Ever since I studied at the University of Washington Journalism School many years ago, I've held the Times in high regard. In fact, in one of my advanced journalism classes, our task was to replicate the newspaper's popular "News of the Week in Review" section, which we accomplished with mixed results. I've never forgotten that challenging academic exercise and our professor's insistence that we separate fact from opinion, something you learn in Journalism 101.
So I was surprised and disappointed to learn that the Times had withheld two opinion columns because they didn't agree with the paper's editorial stand on the issue of whether golf's Michael Jordan, Tiger Woods, should boycott the annual Masters Tournament until the Augusta (Georgia) National Golf Club decides to admit women as members. Regardless of how one feels about this particular question -- and I think that a private golf club should be able to choose its own members, just as women's organizations choose theirs -- it's shocking to discover that the Times censored two of its own columnists over such a relatively unimportant issue. After all, this isn't about whether we should go to war with Iraq.

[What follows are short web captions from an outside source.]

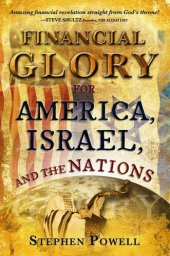 book Financial Glory in America, Israel, and the Nations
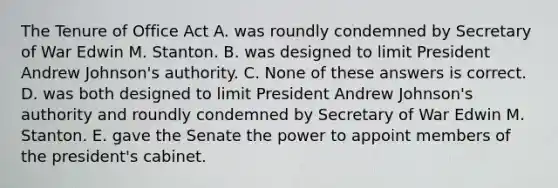 The Tenure of Office Act A. was roundly condemned by Secretary of War Edwin M. Stanton. B. was designed to limit President Andrew Johnson's authority. C. None of these answers is correct. D. was both designed to limit President Andrew Johnson's authority and roundly condemned by Secretary of War Edwin M. Stanton. E. gave the Senate the power to appoint members of the president's cabinet.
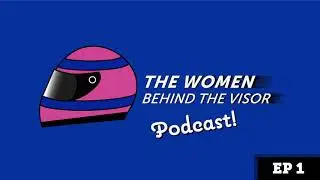 The Women Behind the Visor Podcast - Episode 1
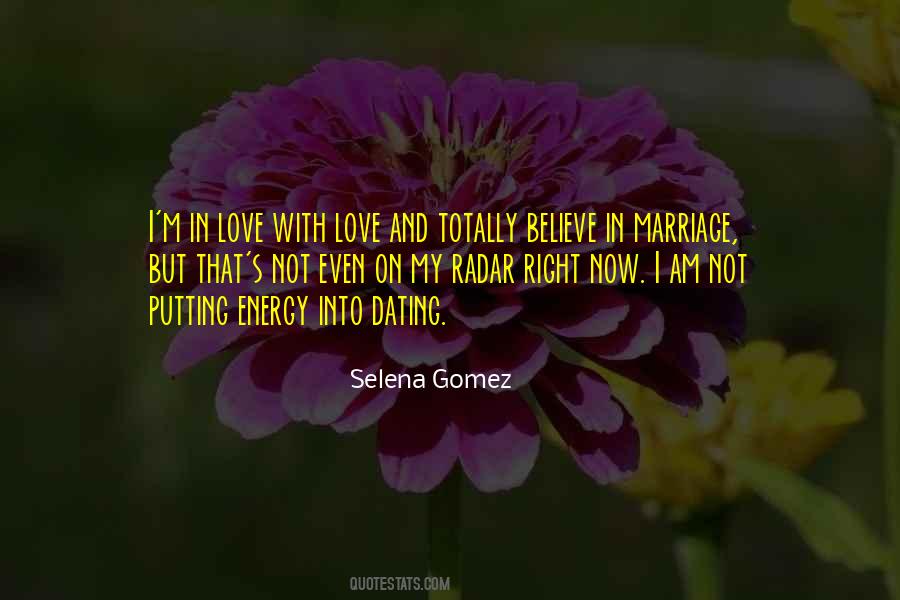 Dating And Marriage Quotes #548530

After a two-week delay, the Times finally ran edited versions of the offending columns last Sunday with a front-page explanation of the delay by Executive Editor Howell Raines. According to Raines, the Times' decision not to publish the columns by Pulitzer Prize-winner Dave Anderson and Harvey Araton was "based not on the opinions stated in the columns but on separate concerns." Anderson's piece, he argued, "gave the appearance of unnecessary intramural squabbling with the newspaper's editorial board" while Araton's column "presented problems of structure and tone." But what does that gobbledygook really mean?
It means that the sports columnists had the temerity to disagree with the Times' editorial policy on the admission of women to private golf clubs. Horrors! After all, America's flagship daily had already published 37 stories and several editorials in its journalistic crusade on this burning issue and the editors didn't want any internal challenges to that politically correct policy. Here's part of what Anderson wrote: "Some voices have suggested that (Tiger) Woods, the three-time Masters champion, could stay home during next April's tournament. His boycott could presumably persuade the club to admit a female member. Or two or three.... Woods, always polite, had a polite answer. 'As I've said before, everyone is entitled to their own opinion,' he said. 'I think there should be women members, but it's not up to me.'" Are you offended yet? Me neither.
Raines and Managing Editor Gerald Boyd denied that they had censored the columns. "That's not what happened here," Raines said. "There is not now, nor will there ever be, any attempt to curb the opinions of our writers ... or to get them to agree with the editorial page..." But that's not how it looks from here.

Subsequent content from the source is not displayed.